I have a friend who commented to me recently that he has been thrown out beyond cliche, out beyond any reasonable expectation, into an abyss, and into truth.
It seems to me that the suffering and joy of the Christian are both infinite--both. Our suffering is the furthest thing in the world away from a kind of rational, comprehensible calculus in which each pain is divinely allowed for the sake of some earthly good to which it is directly tied: you break a bone, and during the scan, the doctor discovers cancer in stages early enough to be treated fully. Sure, that does happen, but the quality of suffering is so much more; it simply doesn't fit into any kind of cost-benefit analysis. You can't say, I'll be in the desert long enough to build up my spiritual constitution and only so long, all for the sake of doing big things for God. The desert is infinite, and you have to wander around in it, glare-blind and parched, until you finally give up and die--and somehow keep going, keep walking, even though you're dead. Deeper and deeper in to death, and thus into life, participating in the sufferings of Christ himself.

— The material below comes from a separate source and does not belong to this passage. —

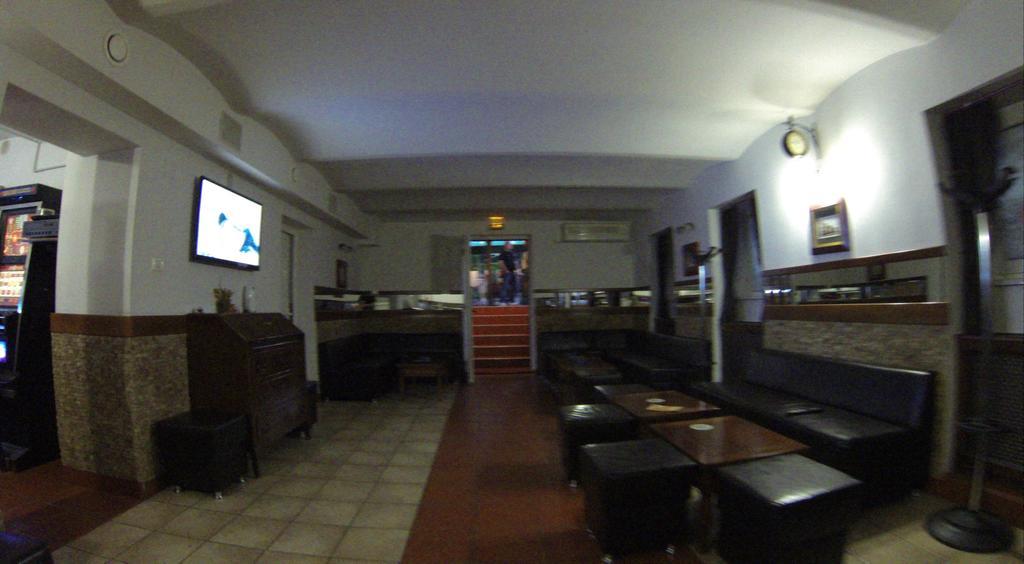 Hotel Iris Arad Exterior foto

The joy is infinite too. It is also not reducible to any cost-benefit analysis; it cannot be contained as one part of my perfect little earthly life and all the plans I have for myself. It bursts those old wineskins open.
On a slightly different note, from MacDonald's Lilith:
'Lilith,' said Mara, 'you will not sleep, if you lie there a thousand years, until you have opened your hand and yielded that which is not yours to give or to withhold.'
'I cannot,' she answered, 'I would if I could, for I am weary, and the shadows of death are gathering about me--'
'They will gather and gather, but they cannot infold you while yet your hand remains unopened. You may think you are dead, but it will only be a dream; you may think you have come awake, but it will still be only a dream. Open your hand, and you will sleep indeed, then wake indeed.'
'I am trying hard, but the fingers have grown together and into my palm--' . . .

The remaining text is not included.